Segment Open
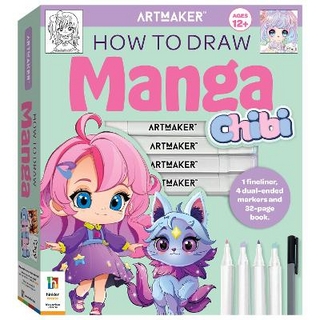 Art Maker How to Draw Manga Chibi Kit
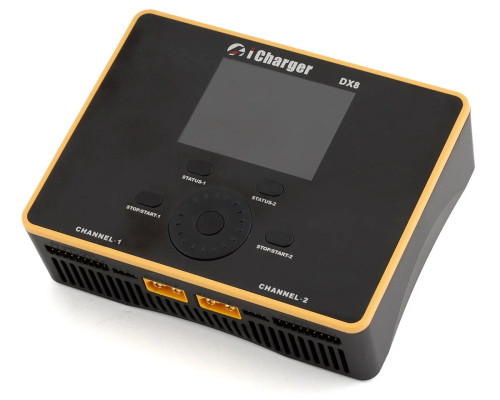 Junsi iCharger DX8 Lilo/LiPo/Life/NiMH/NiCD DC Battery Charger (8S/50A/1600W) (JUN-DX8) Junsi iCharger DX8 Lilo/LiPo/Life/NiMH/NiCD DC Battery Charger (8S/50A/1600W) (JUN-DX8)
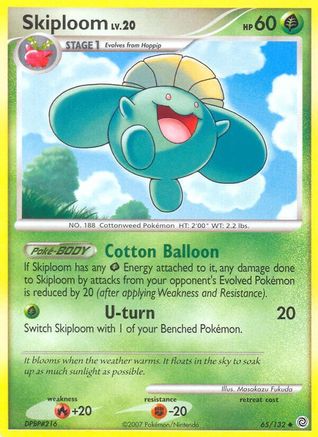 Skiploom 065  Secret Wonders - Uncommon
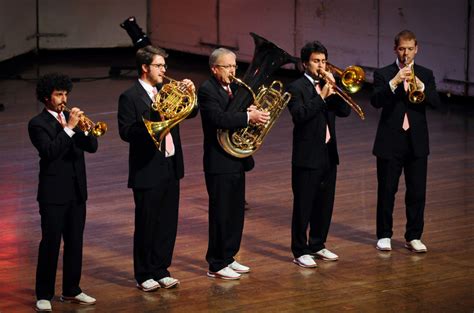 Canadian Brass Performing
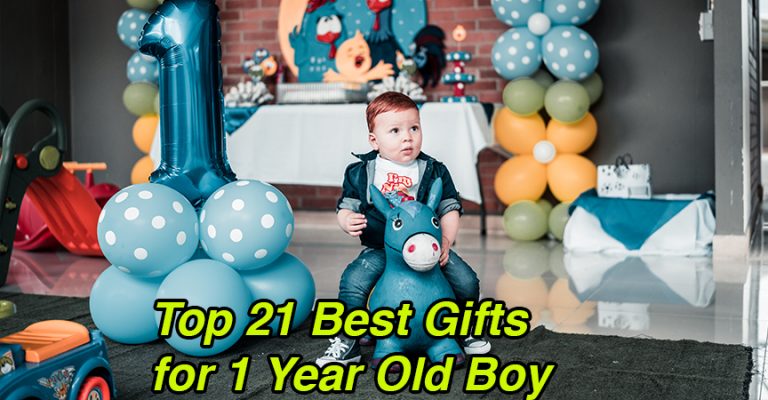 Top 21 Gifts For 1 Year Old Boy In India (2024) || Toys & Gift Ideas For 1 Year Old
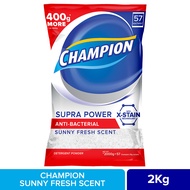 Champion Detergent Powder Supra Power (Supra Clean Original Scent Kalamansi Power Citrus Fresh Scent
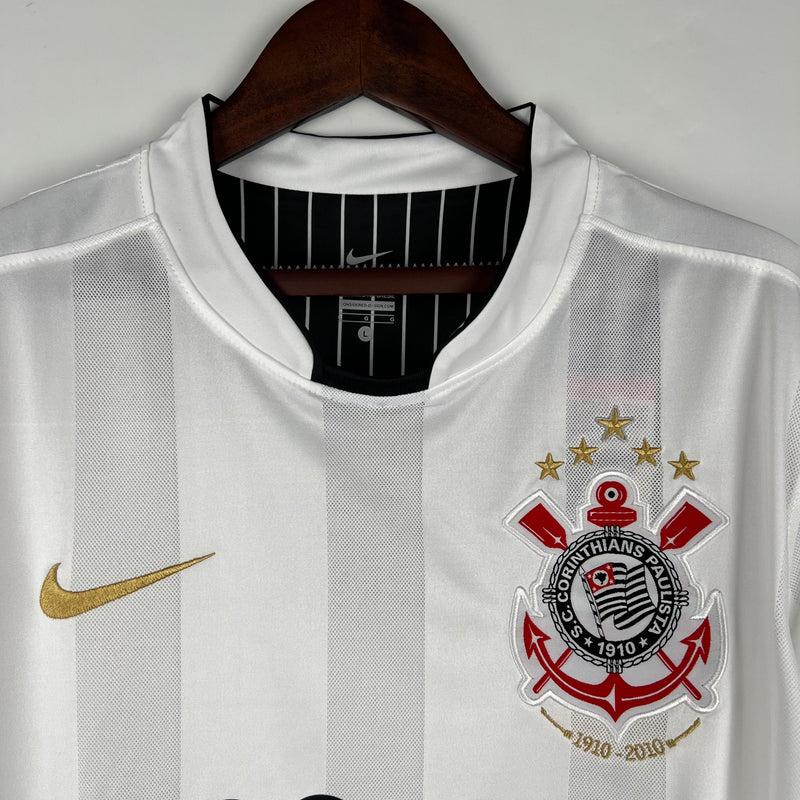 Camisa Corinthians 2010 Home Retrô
Segment Closed
AIM OF THE TASK:
To answer, repeat exactly the lines from the line containing "Champion Detergent Powder" through the last line of the data above, leaving out all pictures.

RESPONSE FOR THIS EXERCISE:
 Champion Detergent Powder Supra Power (Supra Clean Original Scent Kalamansi Power Citrus Fresh Scent
 Camisa Corinthians 2010 Home Retrô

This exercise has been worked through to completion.